# Sequential Poisson sampling

Sequential Poisson sampling is a variation of Poisson sampling for drawing probability-proportional-to-size samples with a given number of units, and is commonly used for price-index surveys. This package gives functions to draw stratified sequential Poisson samples according to the method by Ohlsson (1998), as well as other order sample designs by Rosén (1997), and generate appropriate bootstrap replicate weights according to the generalized bootstrap method by Beaumont and Patak (2012).

## Installation

Get the stable release from CRAN.

``install.packages("sps")``

The development version can be installed from R-Universe

``install.packages("sps", repos = c("https://marberts.r-universe.dev", "https://cloud.r-project.org"))``

or directly from GitHub.

``pak::pak("marberts/sps")``

## Usage

Given a vector of sizes for units in a population (e.g., revenue for sampling businesses) and a desired sample size, a stratified sequential Poisson sample can be drawn with the `sps()` function.

``````library(sps)

# Generate some data on sizes for 12 businesses in a single
# stratum as a simple example
revenue <- c(1:10, 100, 150)

# Draw a sample of 6 businesses
(samp <- sps(revenue, 6))
#> [1]  4  8  9 10 11 12

# Design weights and sampling strata are stored with the sample
weights(samp)
#> [1] 3.437500 1.718750 1.527778 1.375000 1.000000 1.000000
levels(samp)
#> [1] "TS" "TS" "TS" "TS" "TA" "TA"``````

Allocations are often proportional to size when drawing such samples, and the `prop_allocation()` function provides a variety of methods for generating proportional-to-size allocations.

``````# Add some strata
stratum <- rep(c("a", "b"), c(9, 3))

# Make an allocation
(allocation <- prop_allocation(revenue, 6, stratum))
#> a b
#> 3 3

# Draw a stratified sample
(samp <- sps(revenue, allocation, stratum))
#> [1]  5  6  9 10 11 12

weights(samp)
#> [1] 3.000000 2.500000 1.666667 1.000000 1.000000 1.000000
levels(samp)
#> [1] "TS" "TS" "TS" "TA" "TA" "TA"``````

The design weights for a sample can then be used to generate bootstrap replicate weights with the `sps_repweights()` function.

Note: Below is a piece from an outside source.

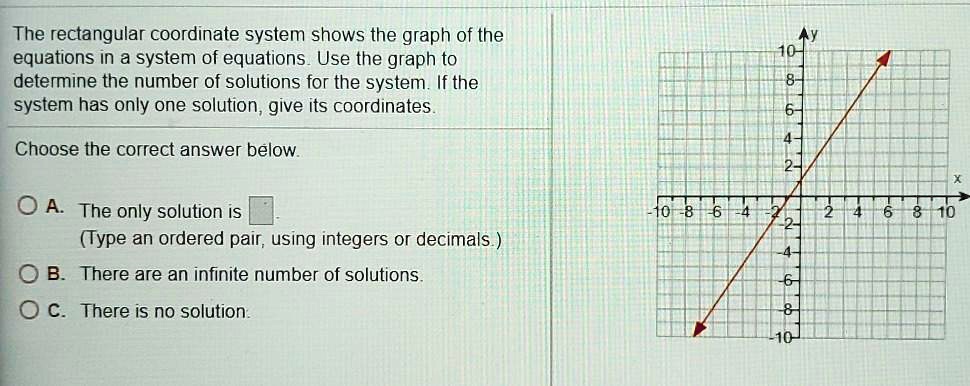 the rectangular coordinate system shows the graph of the equations in a ...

``````sps_repweights(weights(samp), 5, tau = 2)
#>           [,1] [,2]      [,3]     [,4]     [,5]
#> [1,] 3.0000000 1.50 1.5000000 4.500000 1.500000
#> [2,] 2.2500000 2.25 3.5000000 1.500000 1.500000
#> [3,] 0.6666667 1.50 0.6666667 2.333333 2.333333
#> [4,] 1.0000000 1.00 1.0000000 1.000000 1.000000
#> [5,] 1.0000000 1.00 1.0000000 1.000000 1.000000
#> [6,] 1.0000000 1.00 1.0000000 1.000000 1.000000
#> attr(,"tau")
#> [1] 2``````

The vignette gives more detail about how to use these functions to draw coordinated samples, top up a sample, and estimate variance.

## Prior work

There are a number of packages on CRAN for drawing samples proportional to size, but these generally do not include the sequential Poisson method. The sampling package contains a function for drawing sequential Poisson samples, but it does not allow for stratification, take-all units, or the use of permanent random numbers. By contrast, the prnsamplr package allows for the use of stratification and permanent random numbers with Pareto order sampling, but does not feature other order-sampling methods (like sequential Poisson).

## References

Beaumont, J.-F. and Patak, Z. (2012). On the Generalized Bootstrap for Sample Surveys with Special Attention to Poisson Sampling. International Statistical Review, 80(1): 127-148.

Ohlsson, E. (1998). Sequential Poisson Sampling. Journal of Official Statistics, 14(2): 149-162.

Rosén, B. (1997). On sampling with probability proportional to size. Journal of Statistical Planning and Inference, 62(2): 159-191.